Dios celebró su obra al declarar un descanso semanal, el sábado, como día para recordar nuestra conexión con el Creador. Dios diseñó a la humanidad para que reflejara su gloria. Cada uno de nosotros refleja una faceta particular de su personalidad y carácter. La mente, el cuerpo y el espíritu. Podemos pensar, vivir y meditar. ¿El componente asombroso? La libertad.
Nuestro mismo aliento proviene de Dios, pero él nos dio la libertad de escoger, un rasgo que bien podía terminar en catástrofe. Una astuta mentira hizo que los primeros humanos cuestionaran que Dios era amante y digno de confianza. Pronto el temor, la envidia y la indiferencia dejaron su marca en el mundo. Cuando los primeros padres de la humanidad se separaron de Dios, el pecado arruinó todo lo que era bueno. Los corazones se rebelaron y el cuerpo humano se vio deteriorado. Las relaciones se arruinaron. Quedamos sin la posibilidad de llegar a Dios por nuestra cuenta: Dios tendría entonces que llegar hasta nosotros.
Y así lo hizo Dios, al enviar a su Hijo a reconstruir la relación quebrantada entre el cielo y la tierra. Dios envió a su Espíritu para restablecer la desfigurada imagen de Dios en nosotros. El Espíritu nos capacita para llegar hasta los demás, demostrando amor y representando a nuestro Salvador y Creador ante un mundo quebrantado que somos llamados a reparar.
Dios es el Creador de todas las cosas, y ha revelado por medio de las Escrituras un registro auténtico de su actividad creadora. El Señor hizo en seis días “los cielos y la tierra” y todo ser viviente que la habita, y reposó el séptimo día de la primera semana. De ese modo estableció el sábado como un monumento perpetuo de la finalización de su obra creadora. El primer hombre y la primera mujer fueron hechos a imagen de Dios como una corona de la creación; se les dio dominio sobre el mundo y la responsabilidad de cuidar de él. Cuando el mundo quedó terminado era “bueno en gran manera”, porque declaraba la gloria de Dios (Génesis 1:2; Exodo 20:8-11; Salmos 19:1-6; 33:6, 9; 104; Hebreos 11:3).
El hombre y la mujer fueron hechos a imagen de Dios, con individualidad propia y con la facultad y la libertad de pensar y obrar por su cuenta. Aunque fueron creados como seres libres, cada uno es una unidad indivisible de cuerpo, mente y espíritu que depende de Dios para la vida, el aliento y todo lo demás.

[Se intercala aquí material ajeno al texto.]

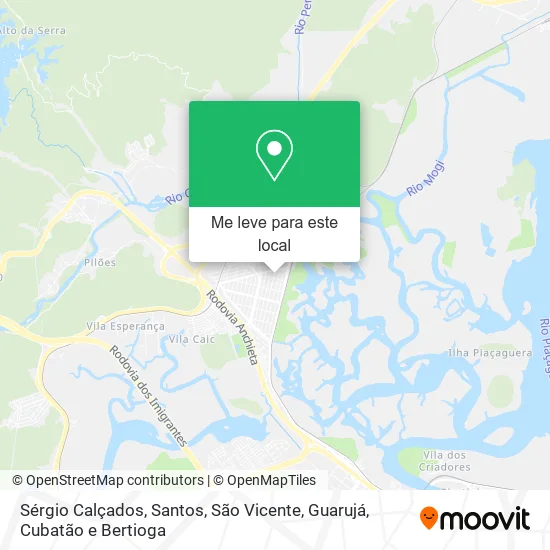 Sérgio Calçados mapa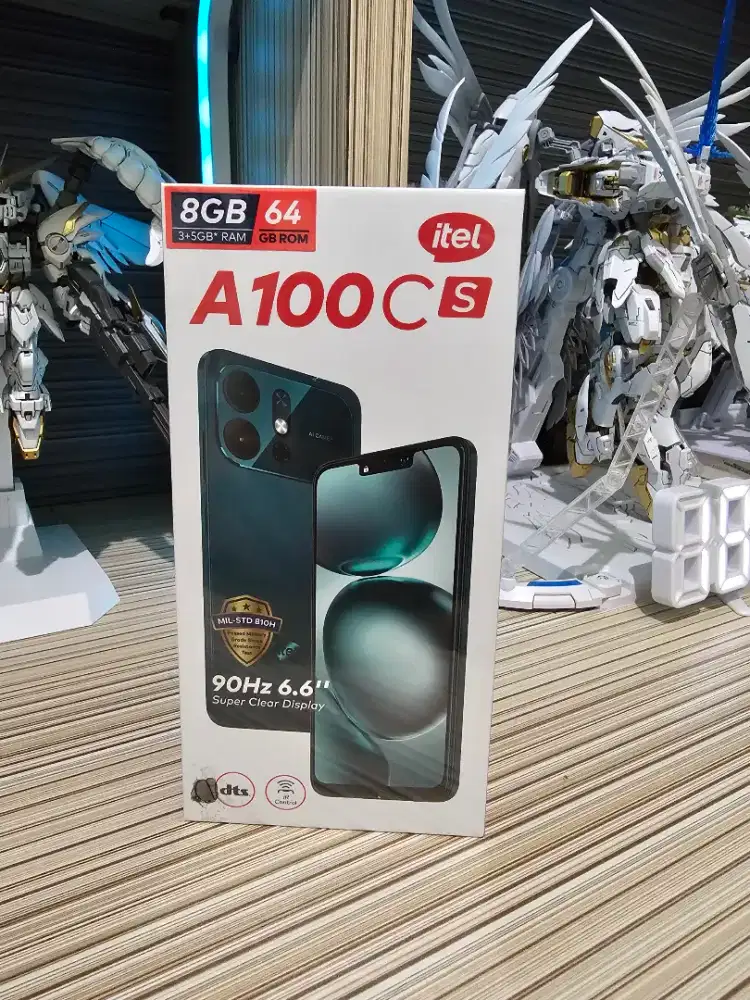 (Black) Itel A100CS (3+5/64gb) Garansi resmi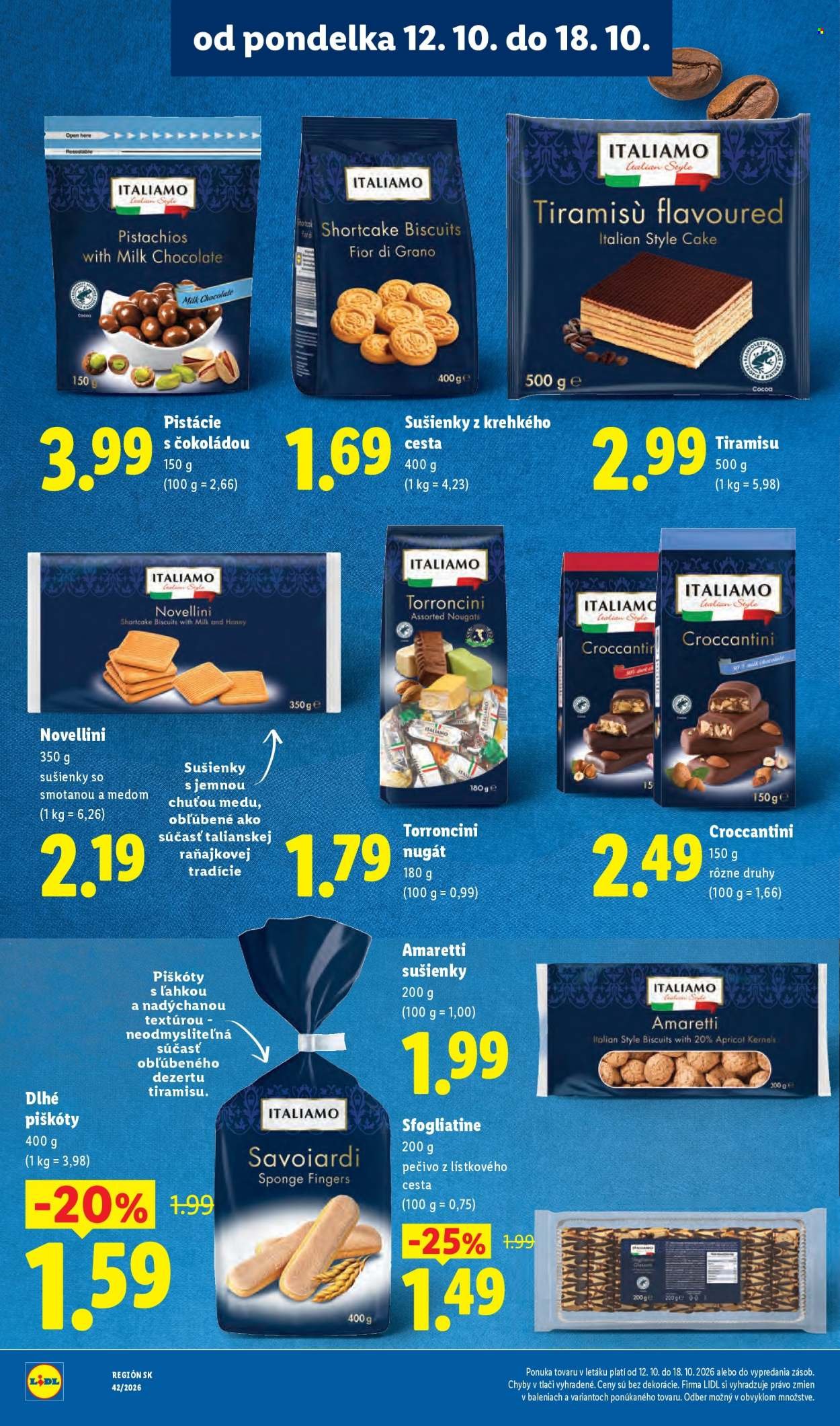 LIDL leták - Od pondelka 12.10.2026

Cuando nuestros primeros padres desobedecieron a Dios, negaron su dependencia de éI y cayeron de la elevada posición que ocupaban bajo el gobierno de Dios. La imagen de Dios se desfiguró en ellos y quedaron sujetos a la muerte. Sus descendientes participan de esta naturaleza degradada y de sus consecuencias. Nacen con debilidades y tendencias hacia el mal. Pero Dios, en Cristo, reconcilió al mundo consigo mismo, y por medio de su Espíritu restaura en los mortales penitentes la imagen de so Hacedor. Creados para gloria de Dios, se los invita a amar al Señor y a amarse mutuamente, y a cuidar el ambiente que los rodea (Génesis 1:26-28; 2:7; Salmos 8:4-8; Hechos 17:24-28; Génesis 3; Salmos 51:5; Romanos 5:12-17; 2 Corintios 5:19-20; Salmos 51:10; 1 Juan 4:7-8, 11, 20; Génesis 2:15).